The CEO tells us that as a data representation layer, HCatalog will be expandable, in ways we've not seen before with Hadoop. "You can store those tables in Hadoop today, but in the future, we anticipate working with partners to integrate third-party data sources into those MapReduce engines, and be used against a local Hadoop cluster or against other parallel data sources in your organization, and other databases or object stores can be integrated."
In time, the HCatalog layer will support multiple programming languages and paradigms, the CEO tells us. This inclusion, the company hopes, will spark interest in an ecosystem of systems integrators and service providers, 16 of which have already signed up as charter members of HDP's partner program.
Standardizing Hadoop deployment
The HDP rollout will mark the debut of Ambari, an Apache incubator project, that will serve as a Hadoop installation and management system. Its purpose will be to expedite installations and upgrades for Hadoop, especially among multiple clusters.
"Long term, the ambition is also to address problems with administration and monitoring," Baldeschwieler says, "so that Ambari will be completely a open source, Apache [project]... with open APIs that can integrate into partner systems that customers have already selected to use to manage their data centers."
All these advancements made with respect to HDP, remarks the CEO, will apply to Hadoop across the board; nothing will be exclusive to one vendor's implementation.
"At this point, Hortonworks does not even have an independent software repository," he reminds us. "We write all of our code directly in Apache. That's a key differentiator for us. We really believe that Hadoop should be complete and should be free. So Hortonworks Data Platform will be completely open source, Apache software."

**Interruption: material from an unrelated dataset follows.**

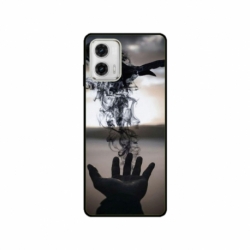 Husa personalizata tip carcasa HQPrint pentru Motorola Moto E13, model Black Magic, multicolor, S1D1M0152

At last, security and functionality from one source
HDP's implementation of Hadoop will be based on version 0.20.205, which Baldeschwieler says will be the first to support both security and HBase (Apache's random-access Hadoop database) simultaneously. Previously, security features had only been available as bolt-ons to Apache HBase, he admits. While both have been available to the Hadoop community for some time, he explains, since security was developed by the Yahoo team, it wasn't available through the Apache channel, and even then not for the stable release. That changes with HDP, with help from others in the Hadoop community, including Facebook.
From now on, the CEO adds, future releases of Hadoop will be released entirely from Apache on a quarterly basis. He concedes that there was some degree of fragmentation and confusion up to now, on account of which contributor was responsible for releasing what component.

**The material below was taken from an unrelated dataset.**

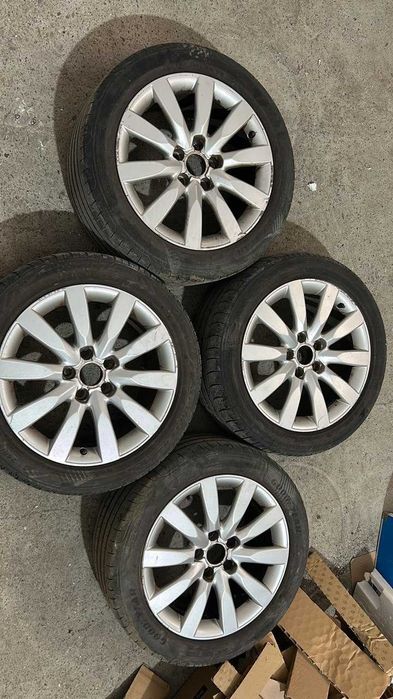 Set roti jante aliaj R17 originale AUDI cu anvelope vara 245 45 r17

At about this time 12 months ago, the people who would become Hortonworks' management team began discussions with business capital sources about spinning off from Yahoo and forming a company. Now Eric Baldeschwieler is not only a CEO, but the head of the most aggressive and fastest-growing database system in today's market.
"Previously, there had been a couple of Hadoop companies, but it was very clear from their business models and their org structures that they weren't focused on building Hadoop," he tells RWW. "They were relying on us to do that. But last year when I met Rob Bearden [from Benchmark Capital, now Hortonworks COO], it was clear that here was the ability to marry a business team that understood open source software with our technical team, to build this company focused not just on packaging and distributing Hadoop, but advancing it."
The HDP technology preview will be rolled out to the general public later this year, with general availability of the release edition of the platform in the early part of 2012.